When Corey and I met up in Atlanta, he proudly announced that he was going unplugged for this vacation because he only had his iPad, his iTouch and his iPhone.
There’s no correlation between my lack of internet and Corey’s definition of “unplugged” except that the one made me think of the other and Corey makes me laugh.
And none of this has to do with the Alhambra so if you’ll stop asking me questions, I’ll post pictures! Geez… some people’s kids.
How about this for starters?
That’s the Court of Myrtles in the Nasrid Palace. I’m going to apologize right now for the quality of my pictures in this post and just say that I think I forgot how to use my camera. I took a billion pictures and so few of them are any good, or do any justice to this place.
Despite what you may see, however, the Alhambra is Spain’s greatest Moorish palace built in the 14th century by Islam rulers and then taken over by Ferdinand and Isabella in the 15th century. As a tourist attraction, it has one of the more rigorous entrance rituals I’ve encountered because they only allow 6,000 people into the Alhambra per day and only 300 people into the Nasrid Palace at a time. It’s such a popular location that they only sell 1,000 tickets per day to walk up visitors and the rest are advance sales. Chances are good that if I hadn’t bought my tickets online, you would not be subjected to my terrible pictures. Aren’t you lucky? Or something?
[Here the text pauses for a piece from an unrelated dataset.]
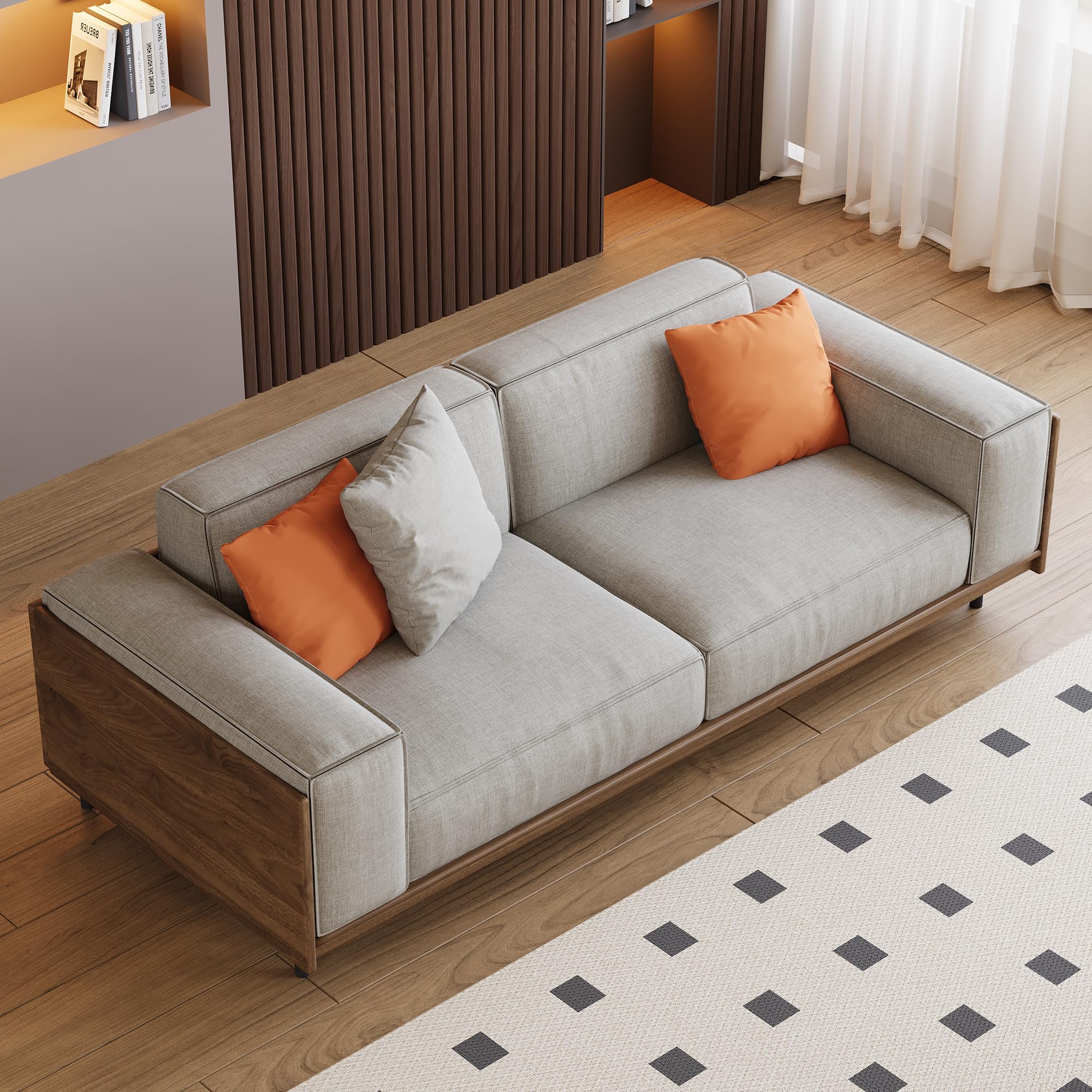 Mid-Century Modern 2-Seater Fabric Sofa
I bought my ticket online and chose a 30 minute window to visit the palace and then had to arrive an hour before my appointment time to pick up my ticket. The website assured me that if I was late, I wouldn’t be admitted. Even arriving early for the palace, this represented about a fifth of the line
The palace is beautiful with every inch of exposed space covered with exquisitely intricate decorations stamped in plaster and carved in wood.
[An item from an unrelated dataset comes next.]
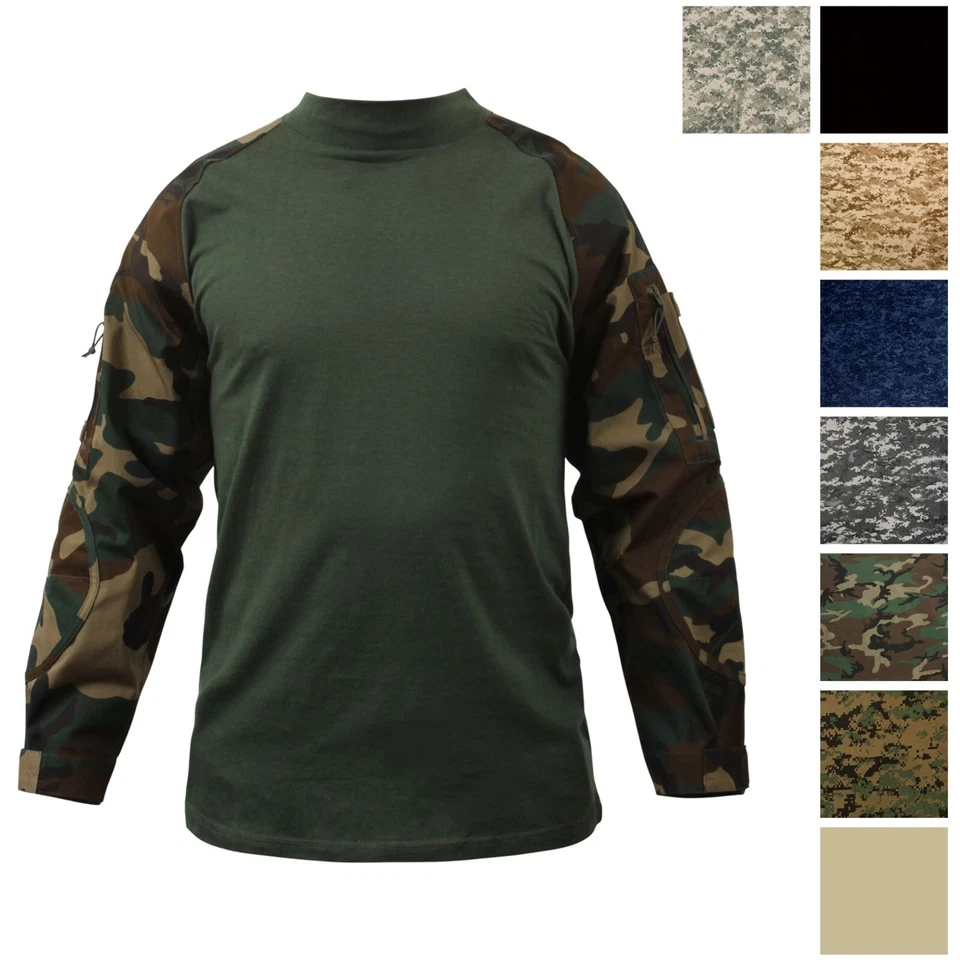 Tactical Combat Shirt Airsoft Paintball Camo Military Uniform Army Base Layer - Image 1 of 2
You can still see traces of paint. It’s largely monochromatic now but apparently it used to be painted and gilded as well. The craftsmanship in the Alhambra is overwhelming. I look at places like this and can’t imagine the amount of work, time and the number of people necessary to build something like this.
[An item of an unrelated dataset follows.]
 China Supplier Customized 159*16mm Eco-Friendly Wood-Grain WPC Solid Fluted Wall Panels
Can you imagine this ceiling as a riot of color?
or this archway?
Interspersed within all this decoration is this phrase repeated something like 9,000 times throughout the complex
Which means “Only Allah is Victorious.” I find it interesting that Catholic rulers Ferdinand and Isabella took over this palace and renovated parts of it but didn’t disturb any of these phrases. Maybe their interpreters neglected to fill them in on the meaning? or perhaps their aesthetic senses took over.
The gardens are equally as beautiful.
And though Granada has grown since the 14th century, even back in the day I imagine the Alhambra served as a green oasis in the middle of an urban area, like a Central Park for Muslim royalty.
After I saw La Sagrada Familia I felt like seeing another cathedral would be like climbing a mountain after summiting Everest. Fun. Cute. But really?
After the Alhambra, I’m pretty sure I’ve visited the pinnacle of Moorish architecture. But with little else to compare it to, I might need to visit a few hundred more just to make sure. When I get that chance, you’ll hear about it.